Stavily utilizes a robust two-agent system designed for efficient and secure automation. All communications between agents and the central orchestrator are secured via HTTPS JsonRPC with Bearer token authentication.

Agent Types

Action Agents

Execute actions based on data collected by Sensor Agents or instructions from the orchestrator. They serve as the hands of the platform, performing tasks like restarting services or running commands.

Sensor Agents

Responsible for collecting data from your systems, including metrics, logs, and API endpoints. They act as the eyes of the platform, monitoring for trigger conditions.

Core Design Principles

The Stavily Agent is a lightweight, cross-platform, general-purpose worker that operates as the hands of the central Stavily orchestrator.
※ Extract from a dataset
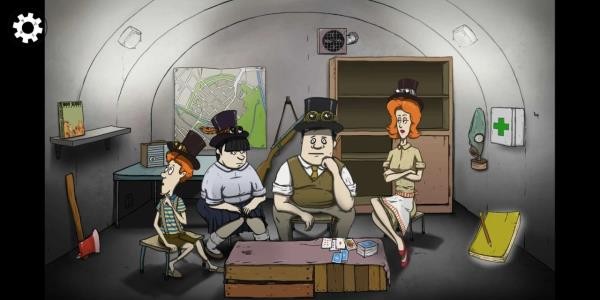 60秒避难所重置版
Its design is intentionally simple: it does not contain any independent logic, monitoring capabilities, or decision-making engines. Agents are simple, stateless execution environments.

Key Principles:

Agent types and runtime: The codebase records agent type metadata (e.g., sensor, action) and uses these types to influence capability discovery and orchestration behavior. Agents share a common runtime but agent type affects intent and orchestration logic.
Primary orchestrator-driven communication: Agents primarily poll the orchestrator for instructions (polling loop implemented in shared agent code). Agents can also participate in provisioning flows and may perform outbound requests when required.
Mostly stateless execution: Agents execute instructions in ephemeral sandboxes; they may maintain local caches (plugin cache, configuration) for performance and resilience.
Instruction-based work: The orchestrator delivers instruction objects which contain plugin id, configuration and input data; agents execute and report results.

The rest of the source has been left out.